Yes, vanity sizing for racism. The original term applies to the way clothing manufacturers have gradually adjusted their sizing in a way that appeases the growing number of large-bodied shoppers who, because of societal shame around weight, would rather see a label that says 6 than one that says 16. As the Washington Post’s Christopher Ingraham wrote in 2015, after what started as an effort at size standardization in the 1950s, “Clothing manufacturers realized that they could flatter consumers by revising sizes downward,” and have continued to do so as Americans become larger. In other words, if a “bad” label starts to apply to too many people, changing it to apply to fewer people means everyone wins.
Of course, nobody thought this relabeling would motivate people to drop weight. It simply made shoppers who’d embraced a smaller-is-better mentality feel better. That subtle manipulation was harmless, and flattering customers is always good business.
But I’ve noticed people pushing for a similar approach for a label that’s unrelated to shopping and size: “racist.” In journalism and political analysis, I keep encountering arguments that labeling a large number of people in this country “racist” is unacceptable. But these assertions aren’t based on a debate about the definition of the term or on data on views or actions.
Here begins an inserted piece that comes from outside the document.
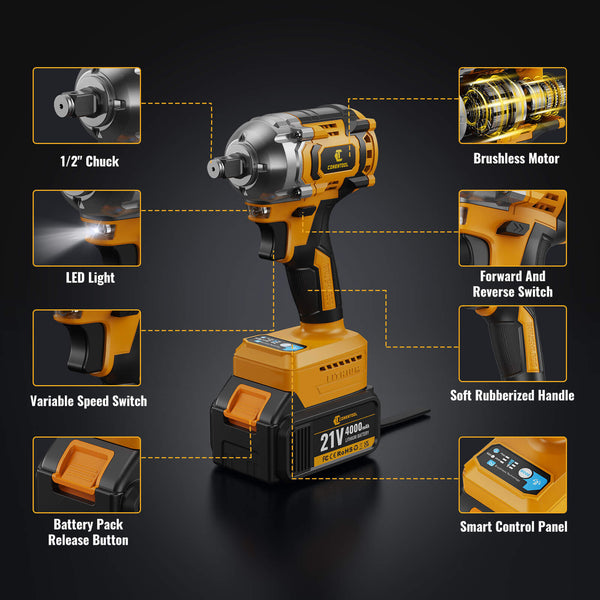 Conentool CTIW-W21V-014 21V Drill Driver Set, 2-in-1 Multifunctional Impact Wrench, With 2X 4000mAh Batteries, 680 N.m 12pcs Wrench Accessories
Rather, they seem to hinge on the idea that broad allegations of racism are simply too unflattering to too many people and thus must be changed.
It’s a push for vanity sizing for racism, and it’s ridiculous.
The push for vanity sizing of racism in America
This has come up recently in conversations around the racist views that were expressed in unusually bold ways by President-elect Donald Trump during his campaign: most infamously, his assaults on the character of Mexican Americans and promises to ban Muslim immigrants and subject those who are already American citizens to increased scrutiny.
However, criticizing those who said they supported these views, or demonstrated with their votes that they were willing to accept them, caused a bit of a frenzy over who deserved to be called racist.
Think of the swift and negative reaction to Hillary Clinton’s September 2016 statement that 50 percent of Trump’s supporters could be put into “the basket of deplorables ... the racist, sexist, homophobic, xenophobic, Islamophobic — you name it.” She ended up apologizing for painting the “Make America Great Again” fans with too broad a brush.
And in fact, the criticism of her comment wasn’t that “racist, sexist, homophobic, xenophobic, and Islamophobic” were inaccurate terms, but rather than it was unacceptable to apply them to such a large group. (Responding to these criticisms, Clinton apologized not for the characterization but to the percentage — half — of Trump voters she applied it to.)
Why was half of Trump voters too much? What percentage would have been acceptable? No one seemed to be able to say.
The Federalist’s Ben Domenech wrote after the election in response to broad criticisms of voters who supported promises of racism by voting for Trump: “There is no excuse for painting 60+ million Americans as morally corrupt, whether your place is on the right or the left.” How many could one fairly characterize this way? It wasn’t clear.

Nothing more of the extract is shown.